(EXERCISE AIM): Transcribe the data as written, minus images.

(DATA EXTRACT):
****
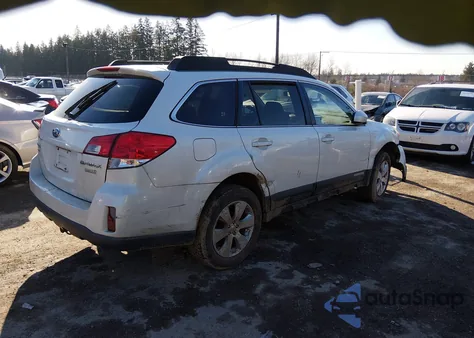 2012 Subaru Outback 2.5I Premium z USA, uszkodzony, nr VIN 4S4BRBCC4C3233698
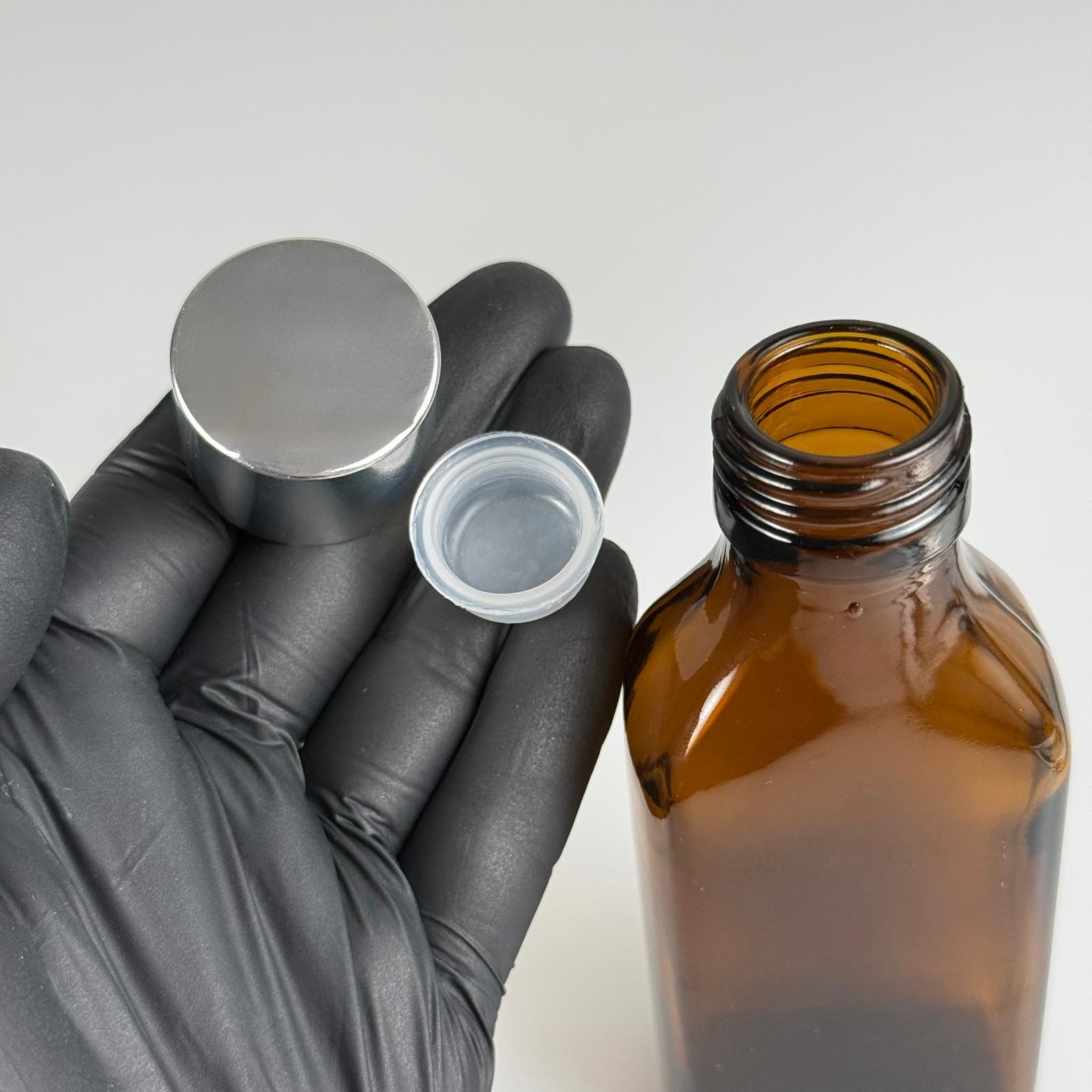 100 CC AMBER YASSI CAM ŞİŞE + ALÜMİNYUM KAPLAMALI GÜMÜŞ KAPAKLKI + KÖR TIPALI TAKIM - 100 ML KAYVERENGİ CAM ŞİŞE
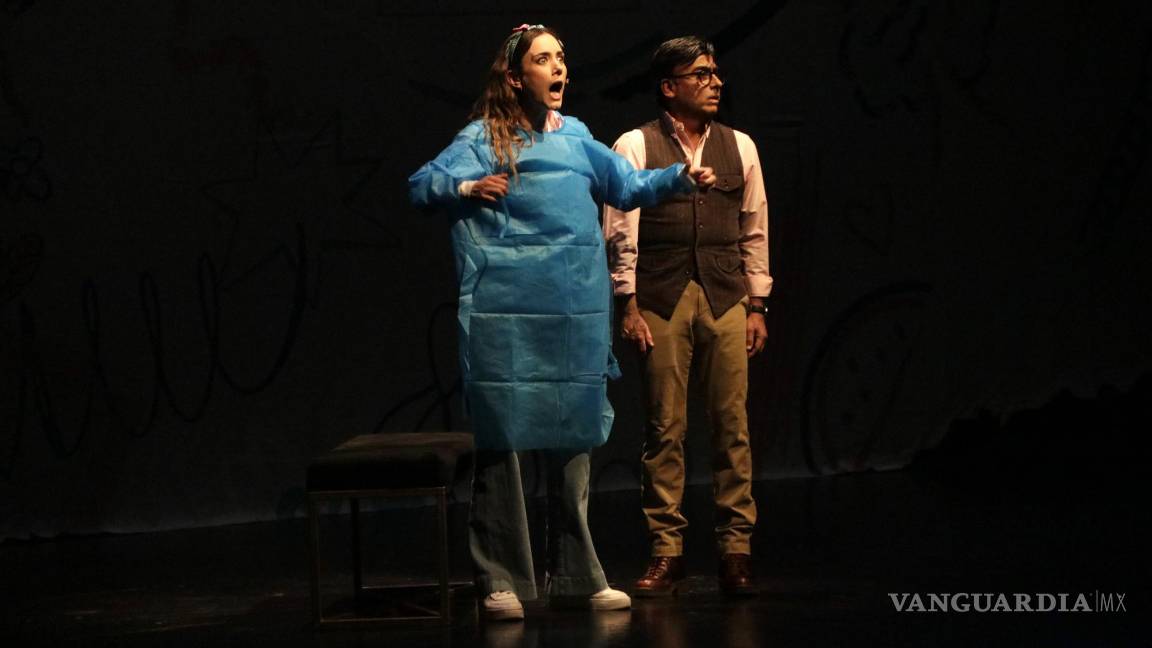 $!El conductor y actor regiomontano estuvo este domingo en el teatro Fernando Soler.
****
(RESULT BELOW):
 2012 Subaru Outback 2.5I Premium z USA, uszkodzony, nr VIN 4S4BRBCC4C3233698
 100 CC AMBER YASSI CAM ŞİŞE + ALÜMİNYUM KAPLAMALI GÜMÜŞ KAPAKLKI + KÖR TIPALI TAKIM - 100 ML KAYVERENGİ CAM ŞİŞE
 $!El conductor y actor regiomontano estuvo este domingo en el teatro Fernando Soler.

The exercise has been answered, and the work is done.